Rep Mark Takano (1:01:26):
Well, I probably left something out and, you know, I appreciate the opportunity to speak with all of you and your students, and hopefully inspire more people to get involved. I just think, we’ve been – the United States has been a republic for, you know, more than 200 years now, approaching 250 years. I always get moved when I think about Abraham Lincoln’s Gettysburg Address, and it’s in relationship to veterans. When he talks about, you know, the bodies that are sort of buried behind him and making sure that they didn’t die in vain. And I always I kind of think about, again, my great-uncle Monzo, who died in Massa Italy in 1945 at age 23 – a Nisei, a second-generation born Japanese American who’s family was in internment camps and him taking almost an existential stand on fighting for a government that was less than perfect. And there’s a lot there – there’s a lot to be unpacked there. And he reflects a lot of like people of color, African Americans who fought for this country.

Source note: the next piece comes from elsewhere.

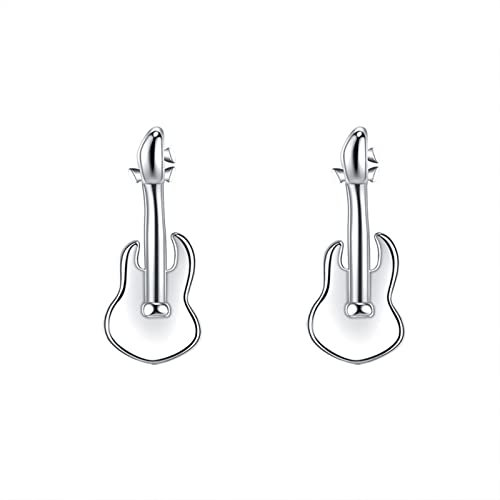 KnSam Schmuck Ohrringe Sterlingsilber, Ohrstecker Gitarre, Ohrringe Silber 925 Stecker Glitzer, Silber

When you think about it, the minorities of this country had to love this country a lot to fight for the country, and then come back, and even not be treated as equals, which is what happened to African Americans; I’m still trying to address that in legislation today with the GI bill or the Home Loan program which did not provide the generational wealth to a generation of African Americans and other minorities that it did to other Americans. That we that we need to renew what our democracy is about, to remember and learn about the different people who sacrifice for our country. And so when we get to that line by Lincoln, the “government of the people for the people, and by the people, making sure it does not perish from this earth,” – it is a sacred duty of every citizen, I think, to learn what that means, and to do right by all of us. Because I think it’s a precious thing. It’s a precious thing that the government of the people for the people and by the people long indoors, and it’s up to us.
Craig Volden (1:04:27):
Thank you so much for those parting words, for your time, and for your public service. We really appreciate it.
Rep Mark Takano (1:04:33):
You’re welcome. Thank you.
Alan Wiseman (1:04:35):
Thank you very much, Congressman. Thank you.